**Data block:**
[Start of Attachment]

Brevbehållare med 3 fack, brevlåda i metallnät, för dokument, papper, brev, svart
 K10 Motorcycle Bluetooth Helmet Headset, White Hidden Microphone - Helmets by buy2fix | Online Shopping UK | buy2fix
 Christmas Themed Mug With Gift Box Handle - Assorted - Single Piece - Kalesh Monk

[End of Attachment]

**Problem statement:** All lines of the data above must be returned exactly.

**Task solution:**
Brevbehållare med 3 fack, brevlåda i metallnät, för dokument, papper, brev, svart
 K10 Motorcycle Bluetooth Helmet Headset, White Hidden Microphone - Helmets by buy2fix | Online Shopping UK | buy2fix
 Christmas Themed Mug With Gift Box Handle - Assorted - Single Piece - Kalesh Monk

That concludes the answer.